THat's just the nudge I needed to buy a new one.   As to the AV, checking on both reading and writing what??! 

I'll be off to order my pink keyboard soon too.


----------



## Anthony Reid (Jan 1, 2002)

reading and writing files... it will be in the config/preferences somewhere.


----------



## ~ Chux ~ (Apr 8, 2003)

Ah ok, I'll have a look, thanks.

Chux xx


----------



## wouldloveababycat (Mar 21, 2004)

See I knew the Boss would know exactly what to say


----------



## ~ Chux ~ (Apr 8, 2003)

Ok, I went for it but in the end got 4GB RAM, 250GB hard drive, and decided to stick with XP for now. My next stupid question is that I'm sure there's a File Transfer Wizard or something on XP to save me having to put things on disc to transfer, but firstly where is it and secondly, how do I connect the two computers to do it??!!

Chux xx


----------



## Anthony Reid (Jan 1, 2002)

If I were you - I'd just unplug your old hard drive and plug it into your new pc as a secondary drive.

Much easier than using null modem cables to transfer. You also end up with more space


----------



## ~ Chux ~ (Apr 8, 2003)

Oh gawd, now I really have my bimbo head on, but will I still be able to access it easily? Is it as simple as taking it out of this one and putting it in the new one and that's that??

Chux xx


----------



## ~ Chux ~ (Apr 8, 2003)

OK, I'm back with yet another dizzy question.

I've got the computer, we've put the old hard drive in the new computer, and it works great. My problem now is that the new HD isn't showing up anywhere - does it need a driver or should it just work? Does it need to have an OS on it?

Thanks,

Chux xx


----------



## Anthony Reid (Jan 1, 2002)

Are the drives running off the same cable?


----------



## ~ Chux ~ (Apr 8, 2003)

No, should they be?? They're plugged into their own sockets with their own cables.


----------



## Anthony Reid (Jan 1, 2002)

is it a grey ribbon cable - or a thin blue one?


----------



## ~ Chux ~ (Apr 8, 2003)

It's a red link wire, so dh tells me!


----------



## Anthony Reid (Jan 1, 2002)

SATA or IDE?


----------



## ~ Chux ~ (Apr 8, 2003)

I don't know the difference but when I enter set up on start up I get SATA: 3M-WDC WD2500AAJS-00B4A0 and SATA: 5M-Maxtor 6L160M0. However, no matter which one I click to start up from it goes to the old HD.


----------



## Anthony Reid (Jan 1, 2002)

And both are enabled in setup?


----------



## ~ Chux ~ (Apr 8, 2003)

I don't know.  I've just restarted and had a look, and when I thought I was looking at set up it was actually the Boot Menu.

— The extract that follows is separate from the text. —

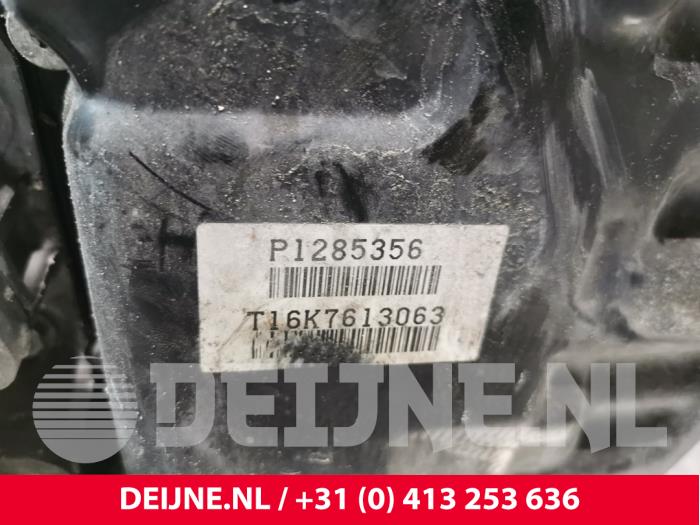 Växellåda från en Volvo XC90 II 2.0 T8 16V Twin Engine AWD 2017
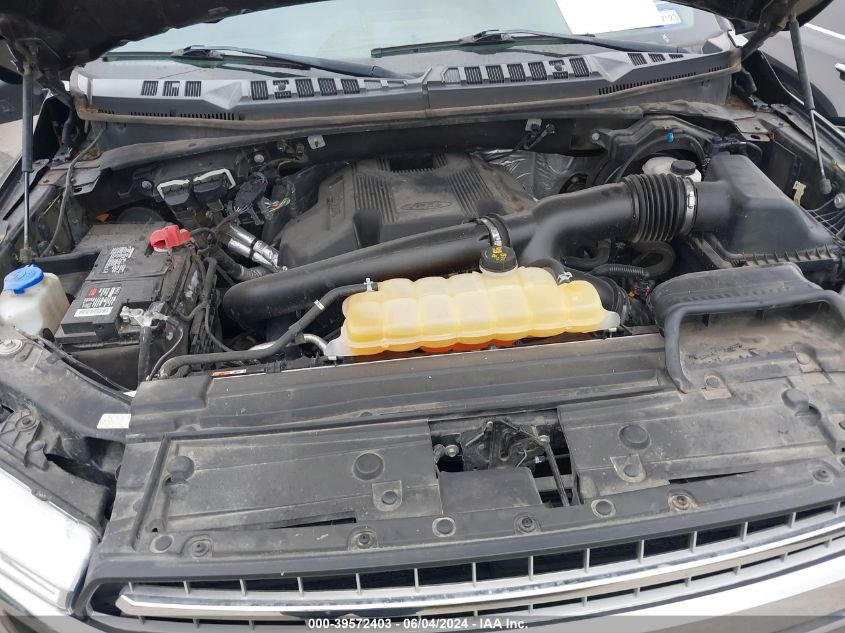 2019 Ford F-150 Xlt VIN: 1FTFW1E46KKC32359 Lot: 39572403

I then restarted again and went into the BIOS SETUP UTILITY - IDE Configuration.....SATA Operation Mode [IDE]. Then SATAII1 Hard Drive and SATA II3 Hard Drive.

I have to say this means absolutely nothing to me.


----------



## ~ Chux ~ (Apr 8, 2003)

Ok, not sure if this helps, but I've just found the new HD in the device manager and it says it's not initialized, but how do I initilize it?!


----------



## Anthony Reid (Jan 1, 2002)

initialise means format (wipe it clean) - right click on it and format it.


----------



## ~ Chux ~ (Apr 8, 2003)

Ah ok.  I don't have a format option, just update driver, disable, uninstall, scan for hardware changes and properties.

Oh my brain hurts.


----------



## Anthony Reid (Jan 1, 2002)

Right click on My computer - Select Manage.

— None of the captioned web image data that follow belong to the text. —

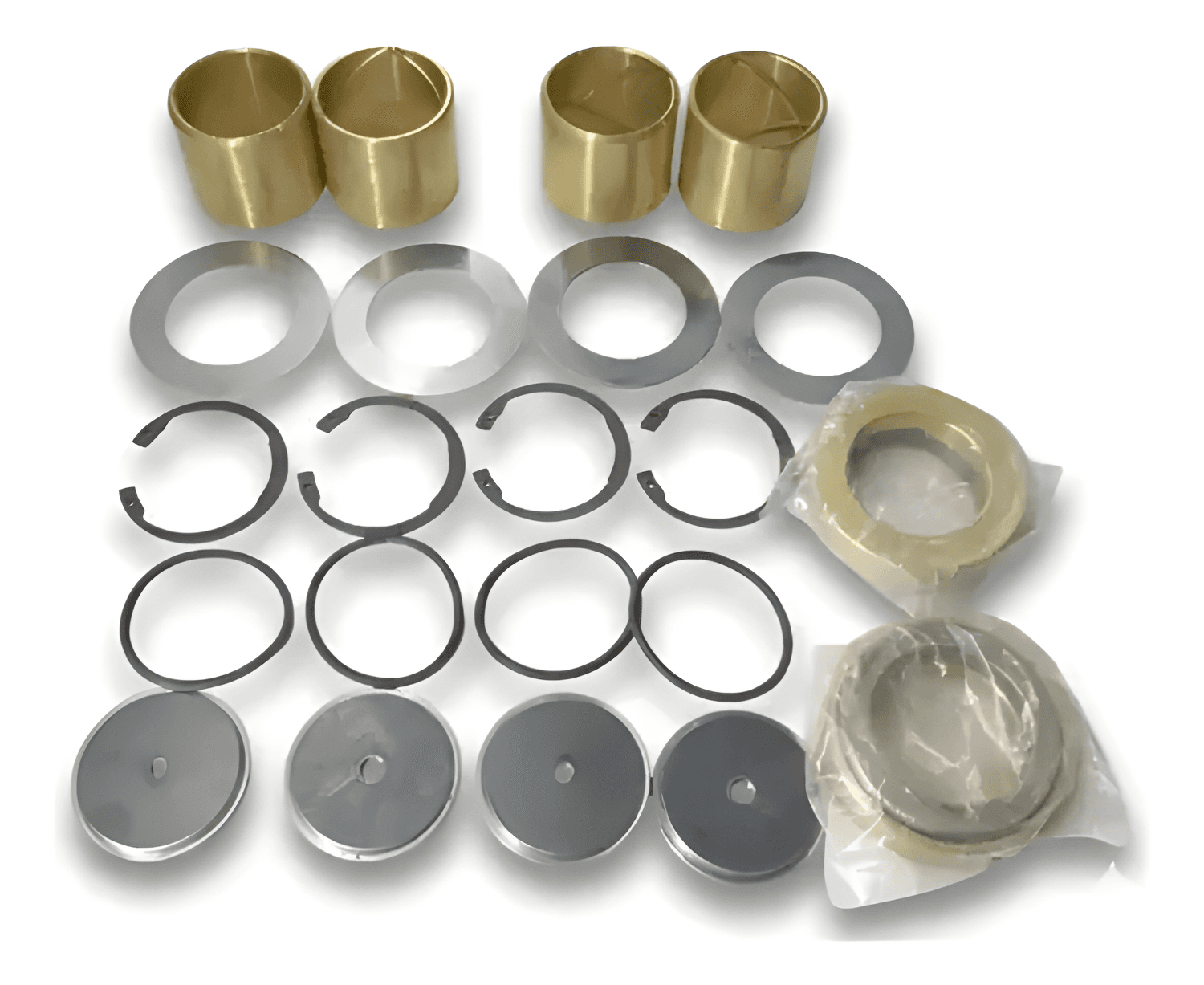 KIT REPARO SEM PINO C/ CHIME ROLAMENTO - VA025SAR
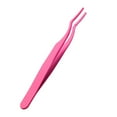 thumbnail image 2 of Zhaomeidaxi Eyelash Applicator Tool Eyelash Extension Curved Lash Tweezer for Easy Lashes Application and Removal, 2 of 8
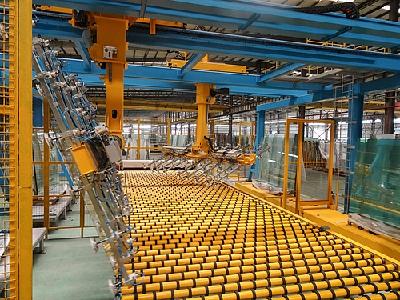Stapel-Portal mit höchster Flexibilität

Then Storage -> Disk Management

Then right click on the drive that is showing as inactive, formate and activate it


----------



## ~ Chux ~ (Apr 8, 2003)

*Tony*, yet again you are my hero!!    Thank you!

Chux xx


----------



## Anthony Reid (Jan 1, 2002)

I'm not a hero.. not really......... although I've heard some say I'm like a cross between James Bond and Jesus.


----------



## ~ Chux ~ (Apr 8, 2003)

Exactly what I've heard about you too.    You just need to try and keep your clothes on!


----------